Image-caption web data
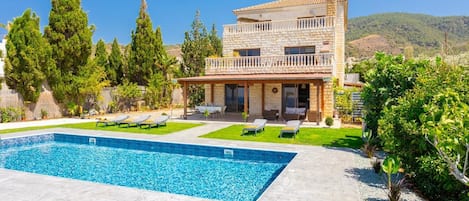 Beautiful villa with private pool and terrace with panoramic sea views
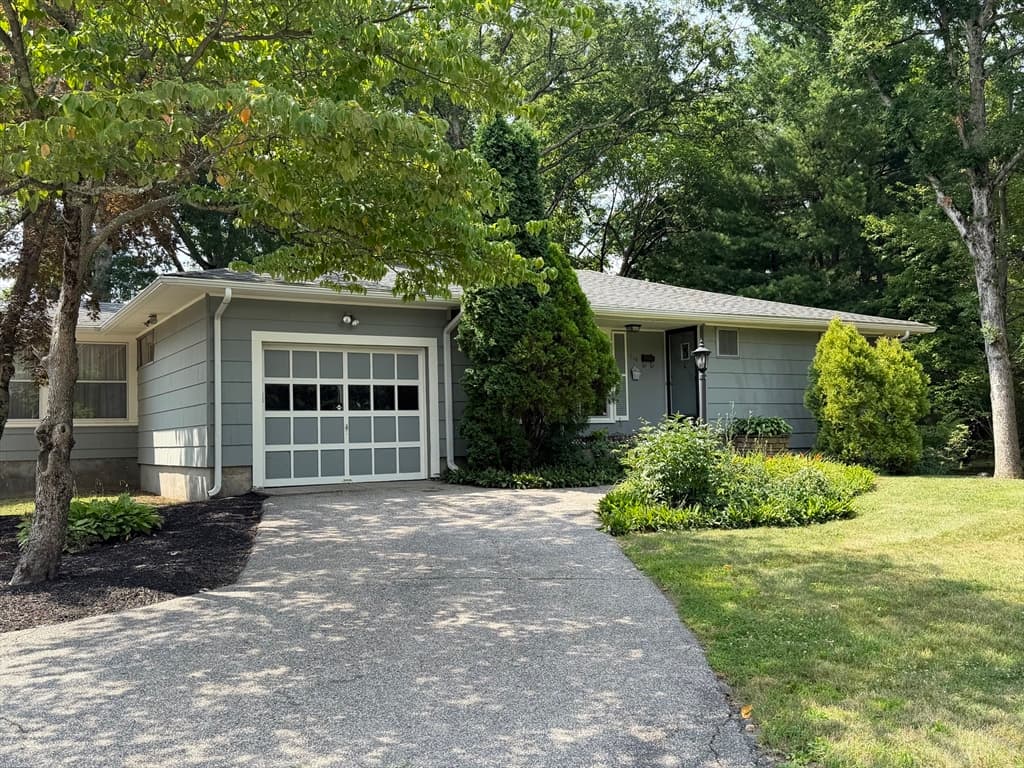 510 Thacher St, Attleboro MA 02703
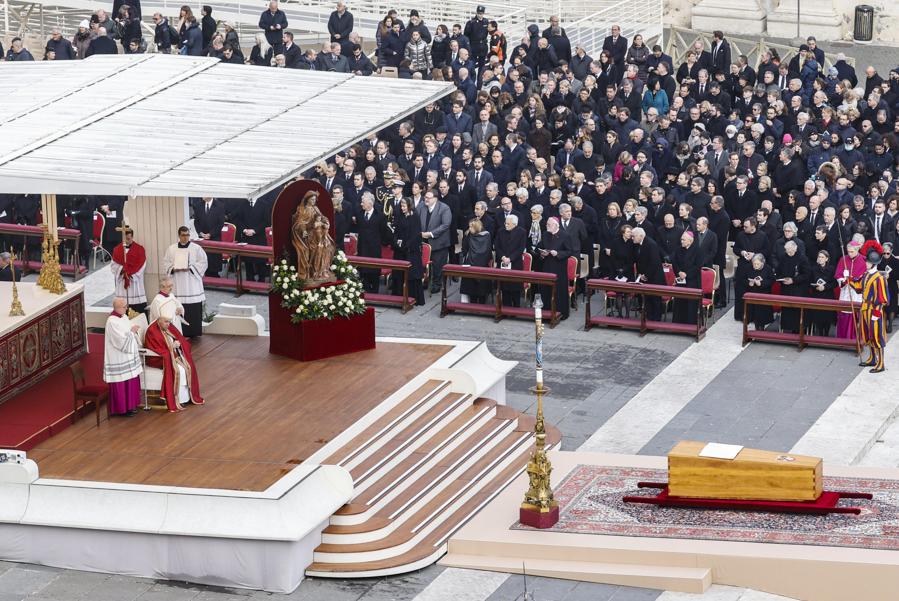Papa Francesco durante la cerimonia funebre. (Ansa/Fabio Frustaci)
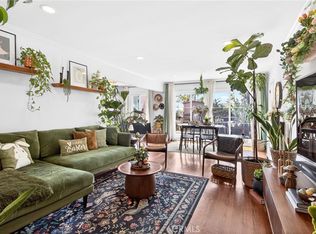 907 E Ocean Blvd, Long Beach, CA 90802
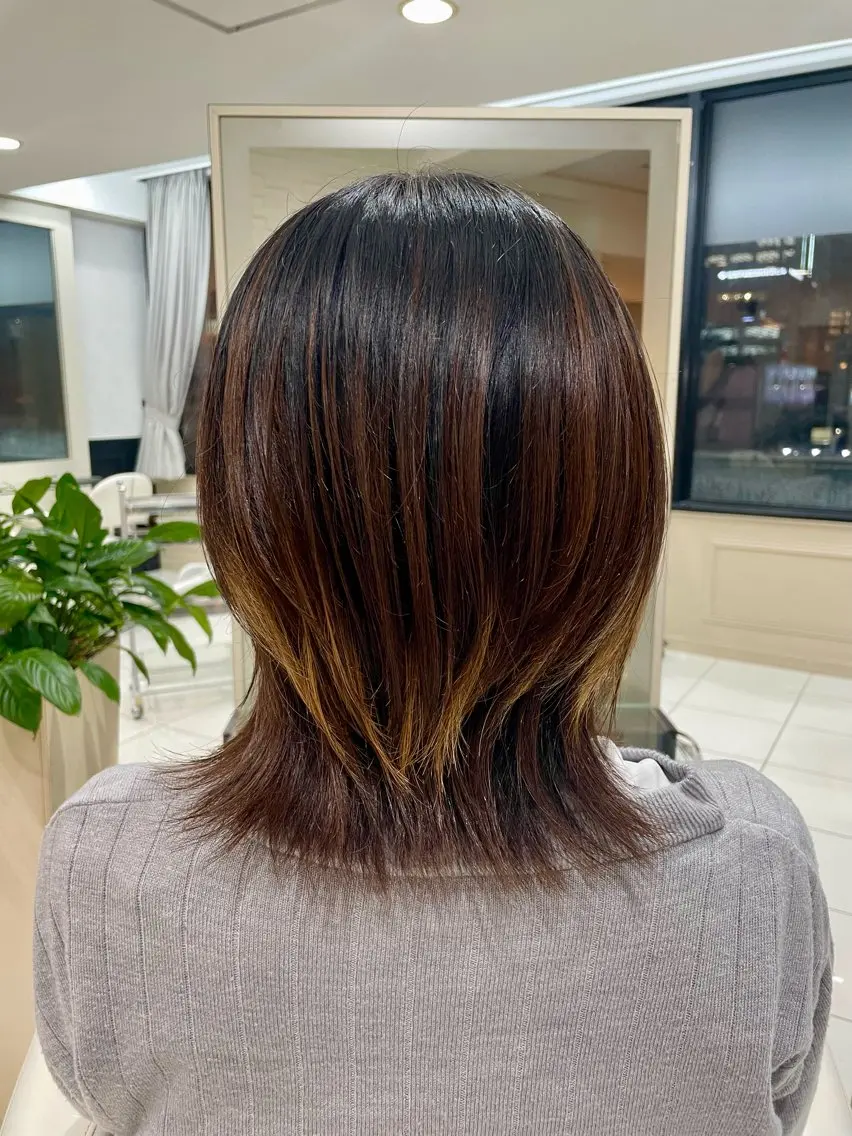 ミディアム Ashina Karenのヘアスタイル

#### Aim of the task
The entries above should be retyped word for word, with all pictures omitted.

#### Exercise result
 Beautiful villa with private pool and terrace with panoramic sea views
 510 Thacher St, Attleboro MA 02703
Papa Francesco durante la cerimonia funebre. (Ansa/Fabio Frustaci)
 907 E Ocean Blvd, Long Beach, CA 90802
 ミディアム Ashina Karenのヘアスタイル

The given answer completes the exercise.